Task goal — Exactly as they appear, write the lines from the one containing "Slit Round Neck" to the final line of the entries, leaving pictures out.

* * * * * * * * *

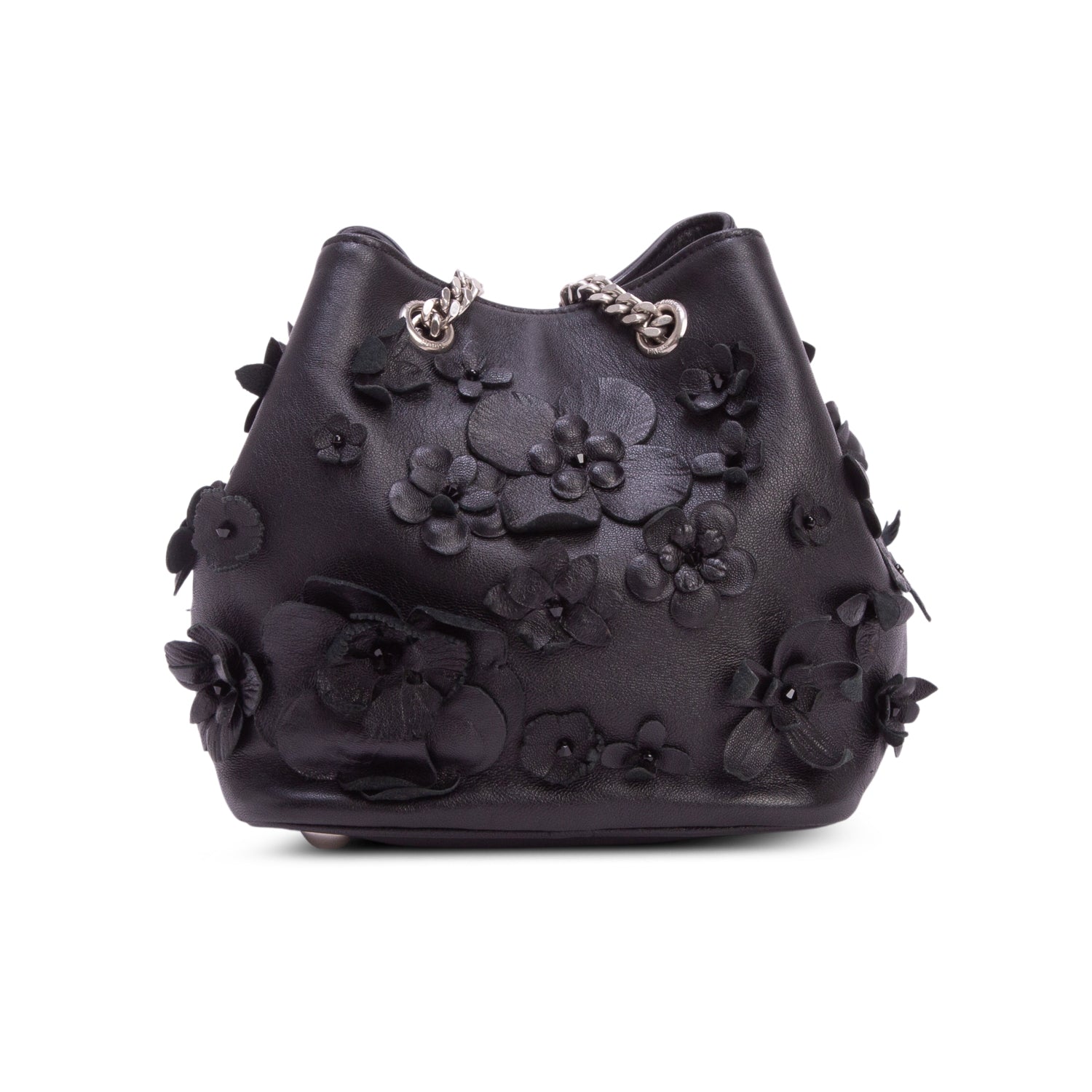 Saint Laurent Black Calfskin Floral Applique Emmanuel BB Bucket Bag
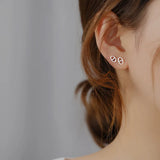 925 Silver Ball Stud Earrings Pig Nose Shape Boy Girl Ear Jewelry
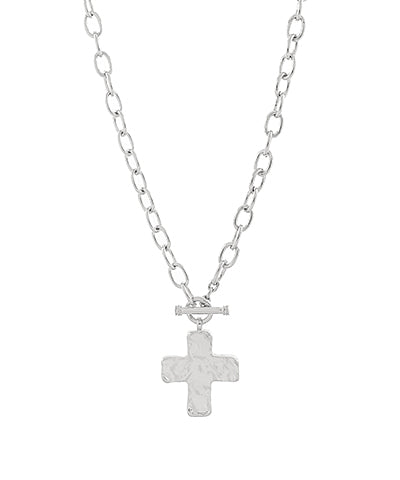 Hammered Cross Necklace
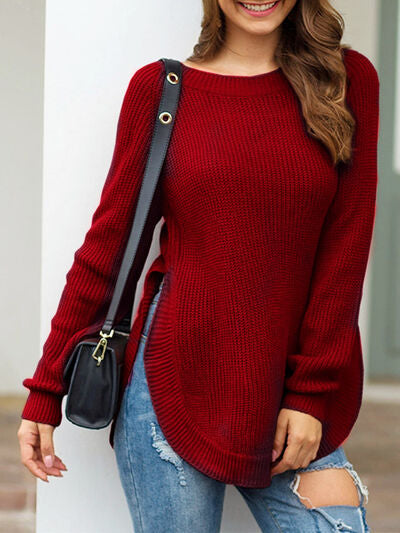 Slit Round Neck Long Sleeve Sweater |1mrk.com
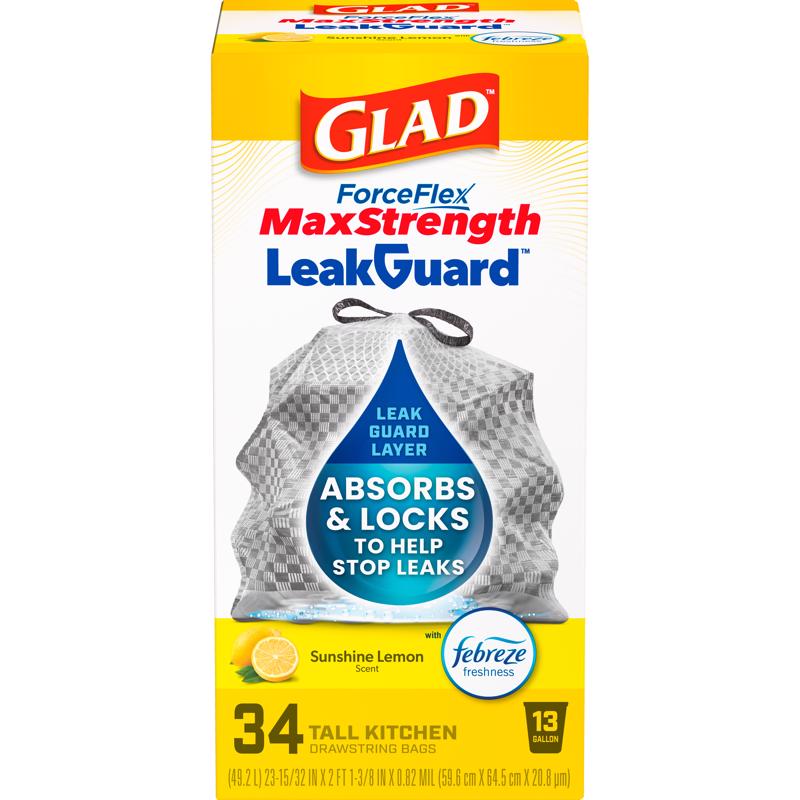 Glad LeakGuard 13 gal Lemon Kitchen Trash Bags Drawstring 34 pk, Pack of 6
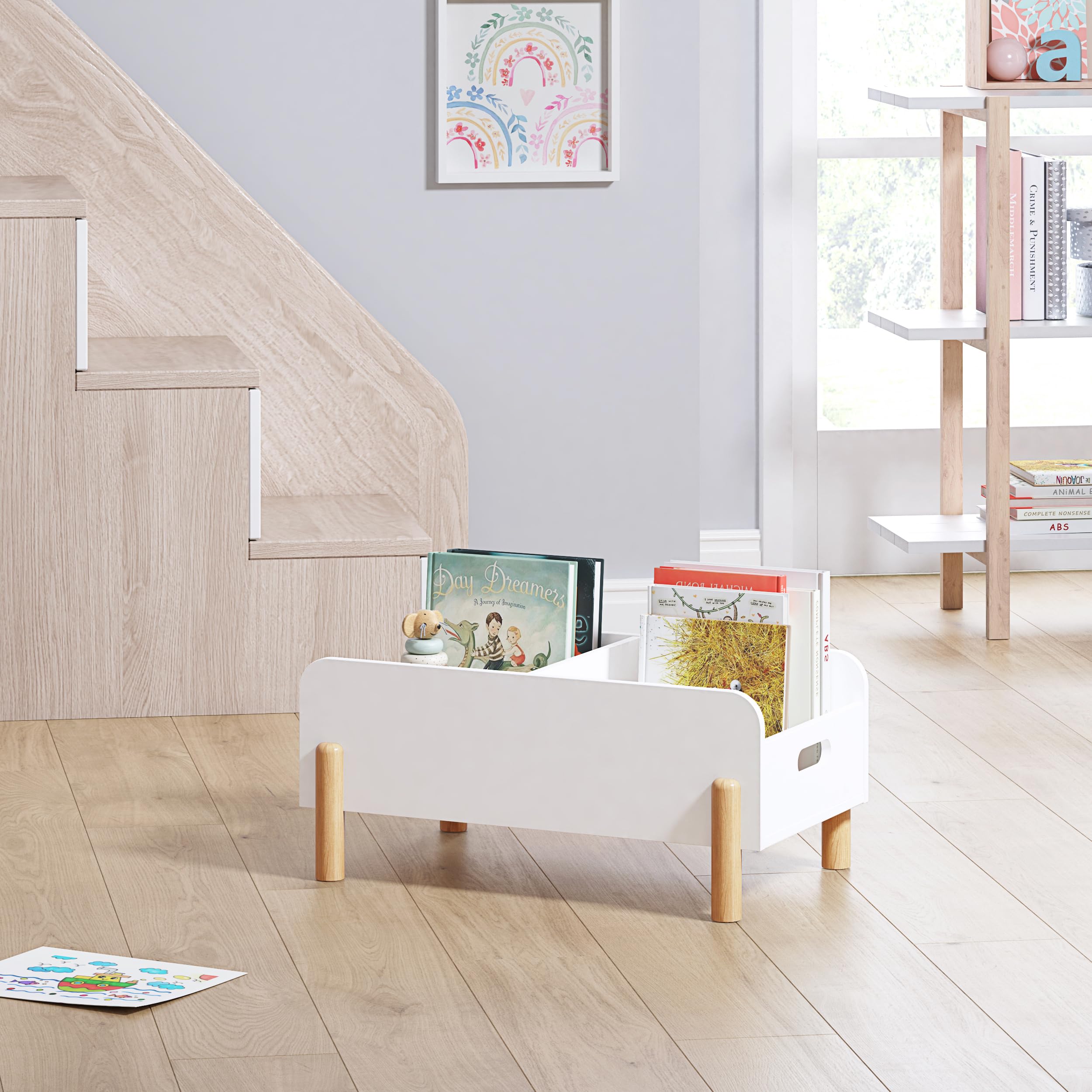 UTEX Montessori Bookshelf for Kids, Wooden Book Shelf for Kids Rooms, Toddler Book Caddy with Adjustable Divider, Floor Book Display, Baby Book Rack for Classroom Nursery - Image 8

* * * * * * * * *

Task solution —
 Slit Round Neck Long Sleeve Sweater |1mrk.com
 Glad LeakGuard 13 gal Lemon Kitchen Trash Bags Drawstring 34 pk, Pack of 6
 UTEX Montessori Bookshelf for Kids, Wooden Book Shelf for Kids Rooms, Toddler Book Caddy with Adjustable Divider, Floor Book Display, Baby Book Rack for Classroom Nursery - Image 8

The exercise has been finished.